London Collections: MEN SS14

Sunday 16th of July saw the opening of the eagerly anticipated London Collections: MEN SS14, and it was everything we had hoped for and more. A unique assembly of the hottest contemporary design talent showcased alongside established menswear labels with decades of sartorial pedigree; it was the biggest menswear show in the British capital to date.

But what did we learn from this three-day, Nyetimber-soaked spectacular? What trends, colours and moods are set to govern our wardrobe selections next summer?

If you’re keen to get ahead of the game and introduce a little SS14 into your SS13 closet, read on for our guide to the key menswear themes that emerged from this round of London Collections: MEN (LC:M).

1. Oranges and Lemons

Men have embraced colour in recent summer seasons like never before, making it particularly apt that high-octane shades of canary yellow and orange dominated the collections shown at LC:M. From Jonathan Saunders to Agi & Sam, highlighter hues made their presence felt in the form of both tailoring and separates.

Patrick Grant’s E. Tautz displayed a penchant for burnt orange hues, showing an array of knits, sweatshirts and shorts in the eye-catching tone. Shaun Samson brought flashes of tangerine to his collection in the form of shirting, high-gloss shorts and graphic print sweatshirts.
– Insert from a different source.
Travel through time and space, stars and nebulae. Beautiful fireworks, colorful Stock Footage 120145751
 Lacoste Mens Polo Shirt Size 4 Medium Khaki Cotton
Katie Eary’s fondness for orange was distinctly evident, with the hue dominating the collection in the form of oversized statement animal prints and graduating shades:

Canary yellow was the standout tone from Jonathan Saunders’ dynamic collection, whilst mustard and sunshine hues made their mark at Oliver Spencer, Burberry and C.P. Company:

2. Fast-Forward To Futurism

With London the focus for up-and-coming contemporary design talent, it seemed appropriate that LC:M designers looked to the future for SS14.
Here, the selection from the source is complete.